▶ **What is being asked**
Omit the pictures and output every entry below exactly as written.

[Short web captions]
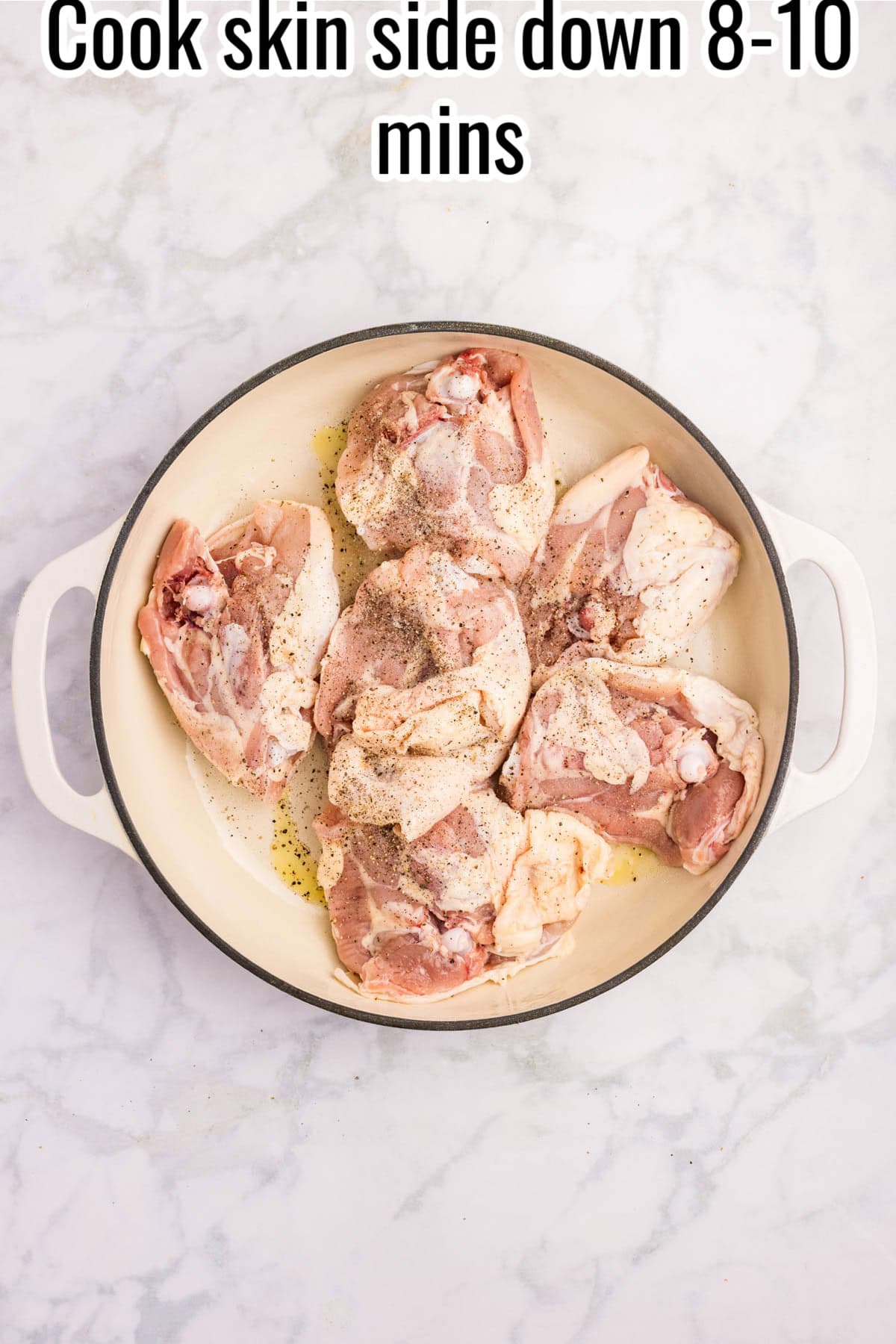Raw chicken thighs cooking skin-side down in a white skillet. Text on the image says 'Cook skin side down 8-10 mins'.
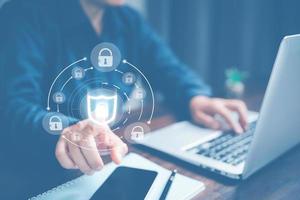 Cybersecurity and privacy concepts to protect data. Lock icon and internet network security technology. Businesswoman protecting personal data on laptop computer with virtual screen interfaces. photo
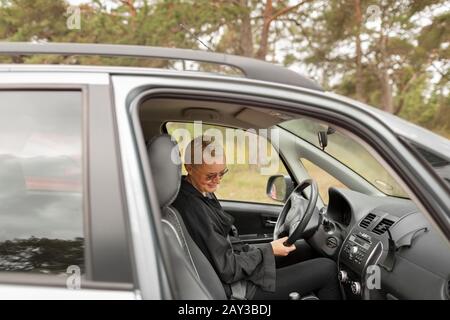 Lächelnde Frau sitzen im Auto Stockfoto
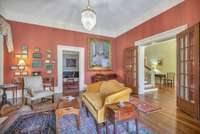 The hardwood floors, french door and detailed molding through the rooms make for a pleasing atmosphere in which to spend time.
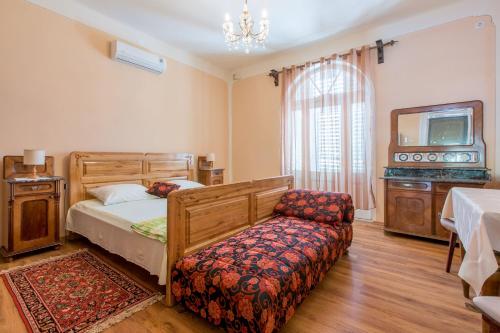 Postel nebo postele na pokoji v ubytování Villa Drago
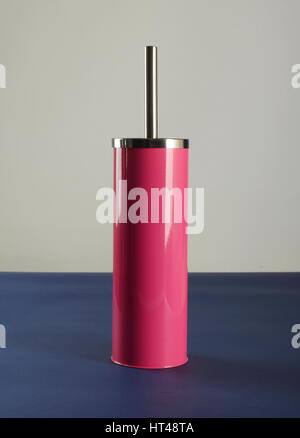 Pink plastic toilet brush with metal handle Stock Photo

▶ **Answer for this exercise**
Raw chicken thighs cooking skin-side down in a white skillet. Text on the image says 'Cook skin side down 8-10 mins'.
 Cybersecurity and privacy concepts to protect data. Lock icon and internet network security technology. Businesswoman protecting personal data on laptop computer with virtual screen interfaces. photo
 Lächelnde Frau sitzen im Auto Stockfoto
 The hardwood floors, french door and detailed molding through the rooms make for a pleasing atmosphere in which to spend time.
 Postel nebo postele na pokoji v ubytování Villa Drago
 Pink plastic toilet brush with metal handle Stock Photo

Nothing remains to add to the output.